Tracking Cybersecurity Threats in ManufacturingChris Morales of Vectra Discusses the Latest Industrial IoT Attack Trends
With the rise of the industrial internet of things comes a far broader attack surface in the manufacturing sector. Chris Morales of Vectra outlines findings of a new report on cyberattack trends in the manufacturing sector based on metadata captured from 4 million devices and workloads from customer cloud, data center and enterprise environments between January and June 2018.
Morales says the problem with IIoT devices is that manufacturing is only just beginning to grasp the scale of connectivity in recent years and how easy it is to infiltrate industrial networks.
"It's relatively trivial for someone to easily, somewhere across the world, infiltrate these networks, sit in there for a long time, propagate against all these machines that are already very connected and very chatty with each other and get data that's already leaving the company," Morales says in an interview with Information Security Media Group.

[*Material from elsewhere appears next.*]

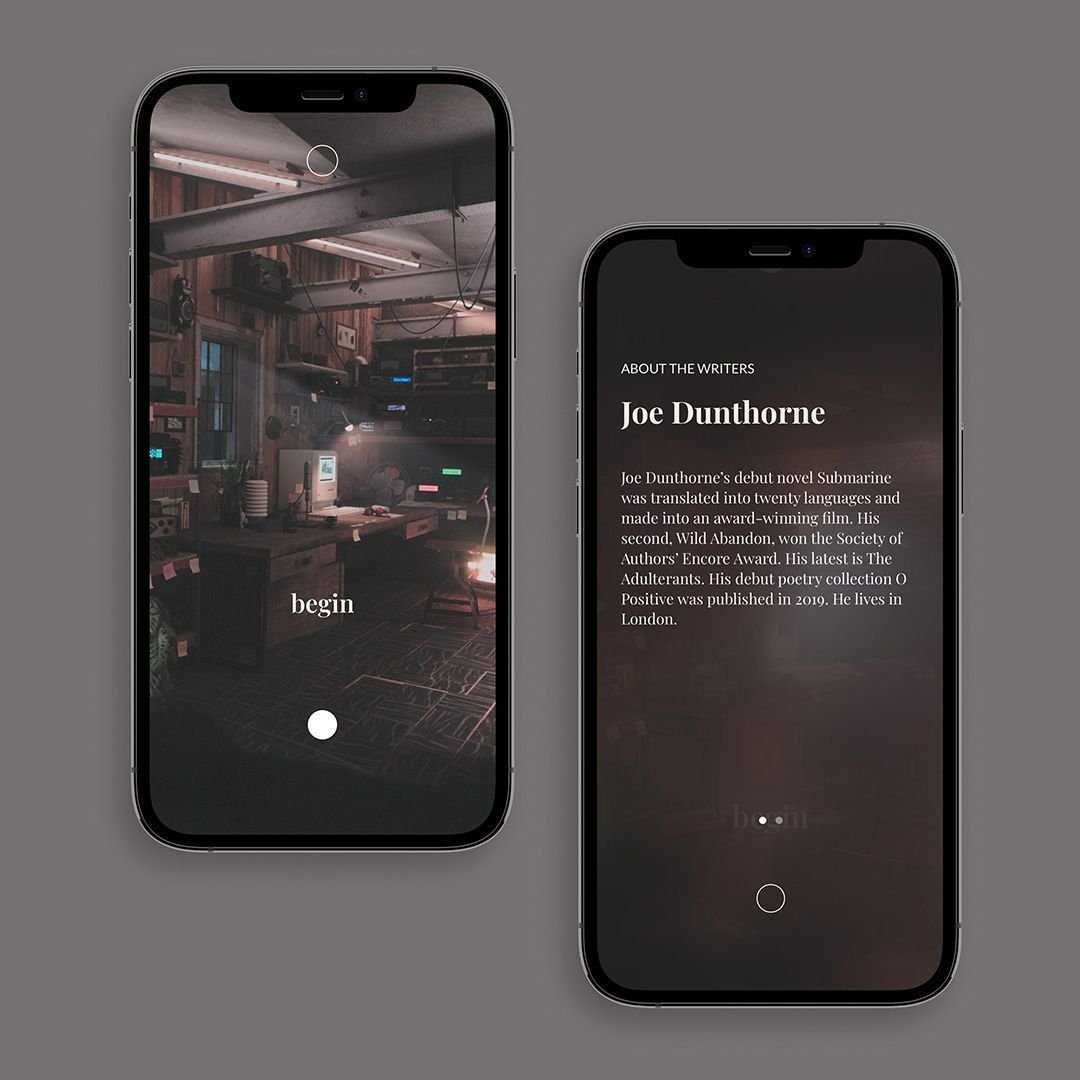 Two smartphones display app screens against a gray background. The left screen shows an indoor workshop or studio with the word 'begin' and a circular button, while the right screen displays a biography of writer Joe Dunthorne with a dark background and a circular button at the bottom.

To adapt to the rapidly expanding attack surface, Morales suggests that manufacturers need to evolve knowledge of their networks to develop a clearer view of where data is residing and moving.
"There needs to be a lot of cultural change," he says. "The biggest thing to me is that they need to make sure they have visibility of what's actually happening inside their networks so they can understand how things are able to spread or move around."
In this interview (see audio link below photo), Morales also discusses:
- The perpetrators of IIoT cybersecurity threats;
- How ransomware is being usurped by cryptojacking;
- The consequences of cybersecurity attacks in manufacturing.
Morales is head of security analytics at Vectra, a San Jose, Calif.-based cybersecurity firm. He designs incident response and threat management programs for Fortune 500 enterprise clients. He has nearly two decades of information security experience in an array of cybersecurity consulting, sales and research roles.